Ob es mir bei Räuber gelingt? Keine Ahnung… zwischen Anspruch und Wirklichkeit liegen manchmal Welten, aber versuchen werde ich es – ohne Wenn und Aber. Räuber ist ein fantastischer Hund und in den Situationen, die er inzwischen stressfrei meistern kann, sehe ich einen Hund, den ich gerne immer sehen möchte: freudig, erwartungsvoll, neugierig, entspannt… Dafür lohnt es sich allemal, dem inneren Schweinehund, den eigenen Zweifeln, den „guten“ Ratschlägen und, allen voran, der eigenen Bequemlichkeit Paroli zu bieten. Nicht in Zufriedenheit und Selbstgefälligkeit zu verfallen in Betrachtung dessen, was schon erreicht ist, sondern zielorientiert und in einem angemessenen Tempo weiter zu arbeiten, bis alle „Baustellen“ beseitigt sind und ein Hund sein Leben in jeder Alltagssituation genießen kann: kontrolliert, ohne Stress und ohne Sicherheitsrisiko für sich und andere.

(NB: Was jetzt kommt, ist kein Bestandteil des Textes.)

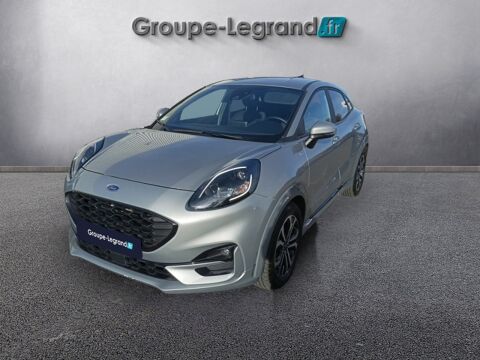 Ford Puma 1.0 Flexifuel 125ch S&S mHEV ST-Line Design 2 2022 occasion Saint-Lô 50000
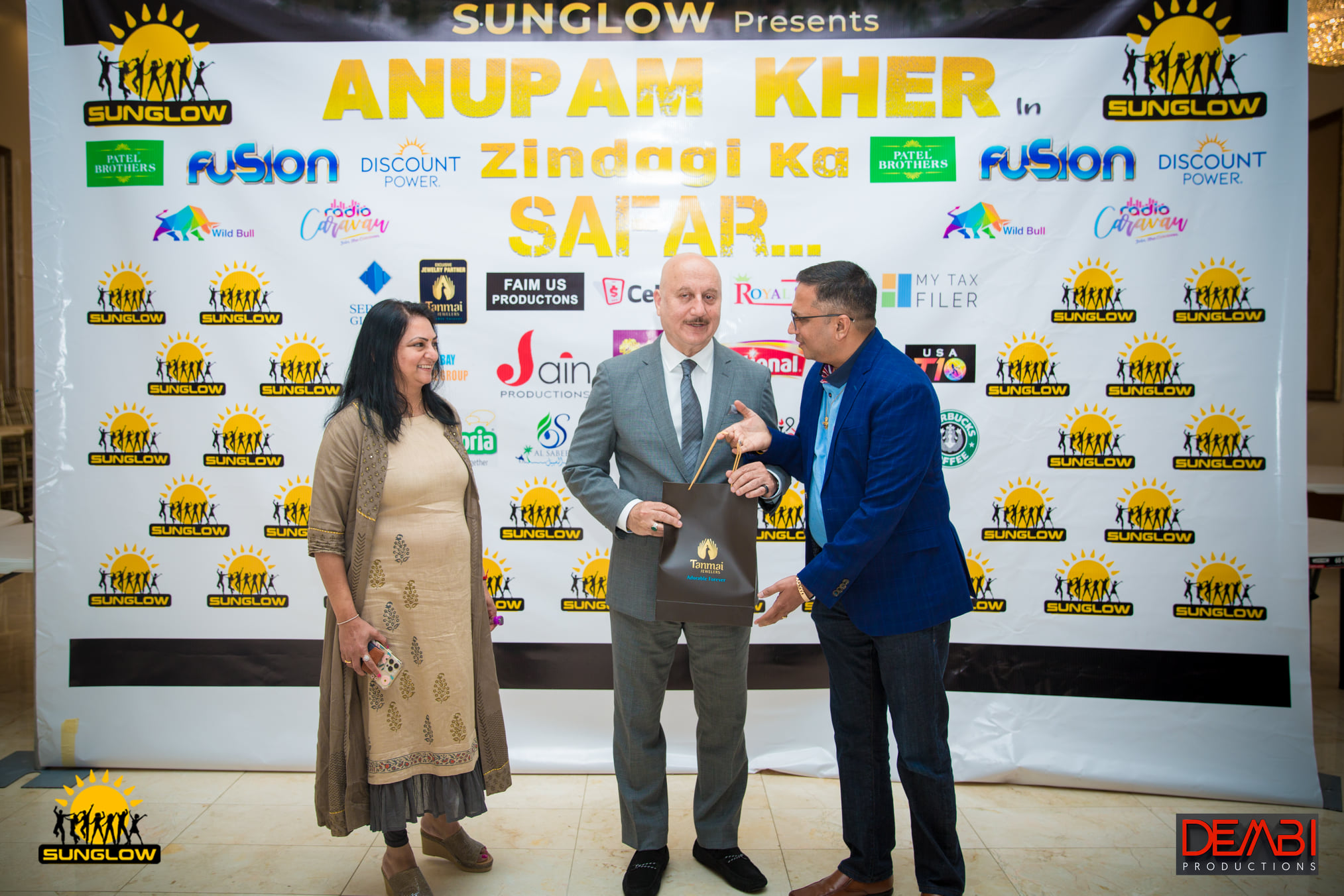 Anupam Kher Zindagi Ka Safar Meet Greet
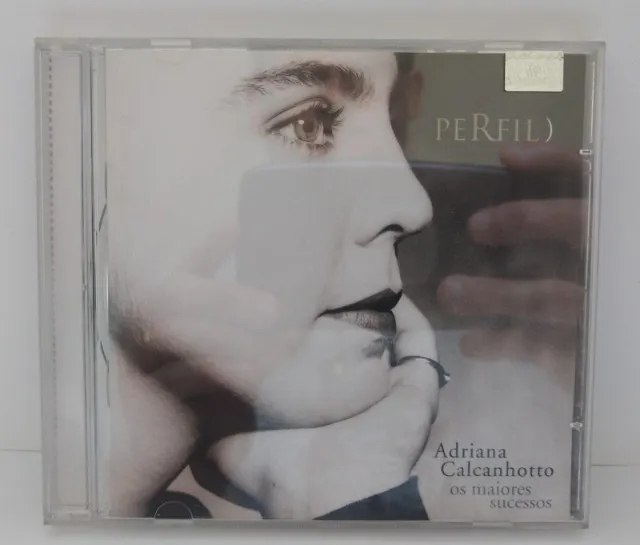 CD Adriana Calcanhoto - Perfil - os maiores sucessos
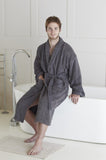 Home Square Terry Shawl Collar Egyptian Cotton Bathrobes In Pakistan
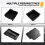 Center Armrest Hidden Storage Box Cup Holder Kit for  Model Y Juniper 2025-2026&Model YL 5
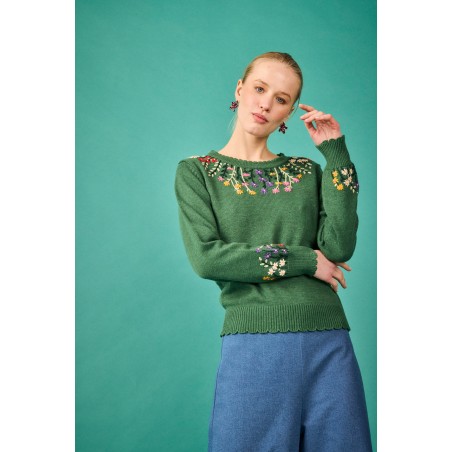 JERSEY Margha verde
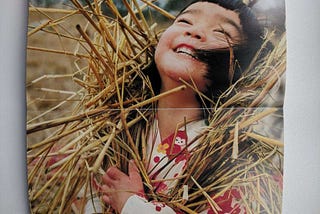 Kawashima Kotori‘s photobook “Mirai-chan”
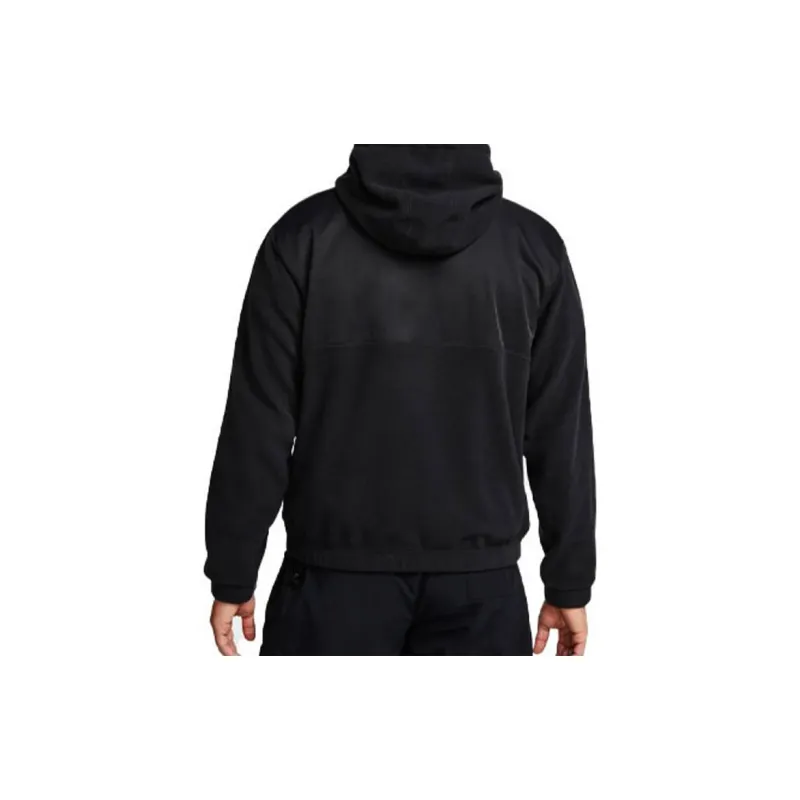 Nike Velvet Jackets Men Black-3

In den letzten Tagen habe ich mich selbst oft "Räuber-like" gefühlt... gestresst von den Situationen, die oft einen anderen Ausgang nahmen als geplant und erhofft; frustriert, weil der Wald vor lauter Bäumen nicht mehr sichtbar war, überwältigt von den vielen "Verhaltens-Baustellen", denen ich mich eigentlich gleichzeitig widmen müßte. Es wäre so viel einfacher gewesen, Räuber nicht zu übernehmen - und hätte ich gewusst, was auf mich zukommt - wer weiß...? Ein Zurück kommt für mich/uns nicht in Frage... aber ein noch motivierteres "Packen wir´s an!" Spieglein, Spieglein an der Wand - wir werden lernen, wir halten Stand...
Und dann fehlen nur noch die „richtigen“ Menschen mit der „richtigen“ Einstellung, die mit Herz und Verstand bedingungslos JA sagen zu Räuber… und der hübsche Kerl endlich sein eigenes Zuhause findet. Diesmal für immer… bitte!